Salvation Army to close Bend store
Published 5:00 am Wednesday, July 4, 2007
- Heather Wyke rings up Betty McGraw for her book purchase. McGraw frequents thrift stores looking for books and other “small treasures.” Once The Salvation Army Thrift Store on Second Street in Bend closes, McGraw will “really miss it.”
Bargain-hunters of Bend: At the end of July, there will be one fewer thrift store available for finding deals.
The Salvation Army in Bend announced Tuesday that it will close its thrift store, at 755 N.E. Second St., on July 31.
“In the last three or four months, it just wasn’t meeting the quota (of sales),” said Capt. John Tumey, the Salvation Army director in Bend. “We have to make a certain amount to cover the cost of employees, and it wasn’t meeting that.”

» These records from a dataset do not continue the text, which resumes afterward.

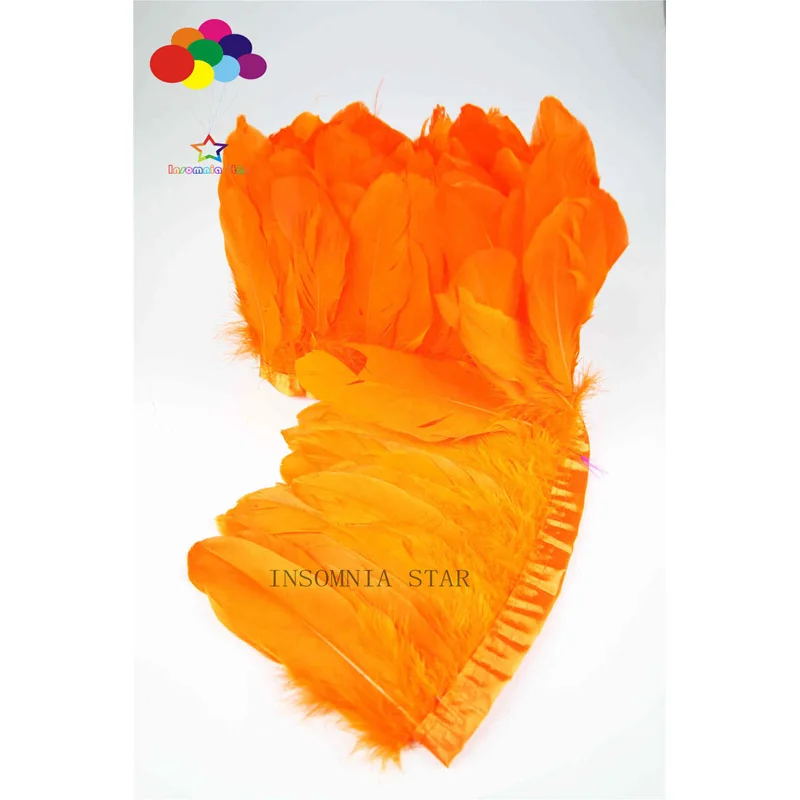 

2Yards/Lots 100% natural Goose Feather Trims Dyed Feather Ribbons orange 15-20cm/6-8inch Fringes Cloth Belt DIY decoratives mask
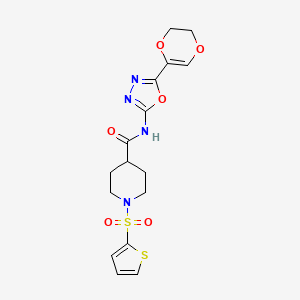 molecular formula C16H18N4O6S2 B2485377 N-(5-(5,6-dihydro-1,4-dioxin-2-yl)-1,3,4-oxadiazol-2-yl)-1-(thiophen-2-ylsulfonyl)piperidine-4-carboxamide CAS No. 899959-02-5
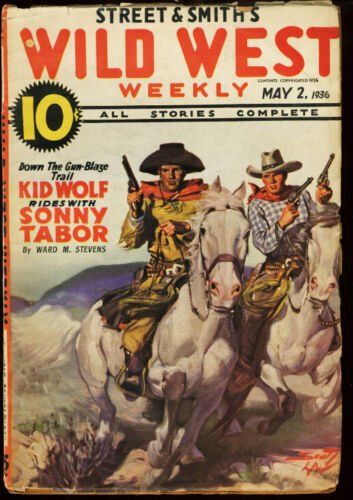 WILD WEST WEEKLY MAY 2 1936 SONNY TABOR KID WOLF TEAMUP VG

Tumey said the necessary amount of revenue the thrift store needed to survive was $600 per day, but that in recent months the store had sometimes failed to produce half that figure.
Once the building closes, The Salvation Army will continue to use it for other purposes, particularly for storage, and hopes to sell it after the holiday season.
But Tumey wants one thing to be clear: The thrift store might be closing its doors, but the rest of its services will remain intact. For example, The Salvation Army will still provide food boxes and help with rent.
The seven employees who work at the Salvation Army Thrift Store were informed Tuesday morning that the store would close. The store will stop accepting donations Saturday.
The organization, which is 109 years old, has had a foothold in Bend since the 1980s, and the thrift store had been serving the Bend area since 1992.
“We’re in a weird location,” Tumey said, referring to being set off the street. “It’s not a prime location, and that’s been one of the downfalls.”
There are at least seven other nonprofit thrift stores in the Bend area.
While The Salvation Army’s thrift store was seeing revenues of less than $600 per day, Goodwill Industries’ thrift store in Bend reported revenues of over $2.7 million in 2006, which translates into approximately $10,400 per day.
And St. Vincent de Paul’s thrift store is looking to remodel or move to a new location now that its 401 N.E. Second St. location, down the street from The Salvation Army’s thrift store, is averaging $1,500 per day in sales.
Revenues from thrift stores run by nonprofit corporations go toward paying employee wages and benefits and funding their social-service programs.
For other area thrift stores, The Salvation Army’s departure from the scene comes with mixed feelings.
“That would mean that there would be another avenue as far as donations coming in,” said Sheila Bruce, the director of retail services at St. Vincent de Paul’s thrift store in Bend. “We will have probably a little larger donation base now.”
In 2003, The Salvation Army shut its Bend shelters because of budget shortfalls, and due to recent gas price increases, the nonprofit has stopped handing out gas vouchers. But The Salvation Army’s youth programs and food donations continue to thrive.
The Salvation Army’s food box program, which provides food to people in need, gave out 323 boxes of food in June and 340 boxes in May. The program has seen an increase in demand in the past year.
Without the revenues from the thrift store, The Salvation Army expects that it will still be able to thrive in the community, using proceeds from its mail appeal program.
“With the community stepping up and giving us money, we’ll continue to grow stronger here,” Tumey said. “We’re closing one avenue, but we’re still in town. We’re not going anywhere.”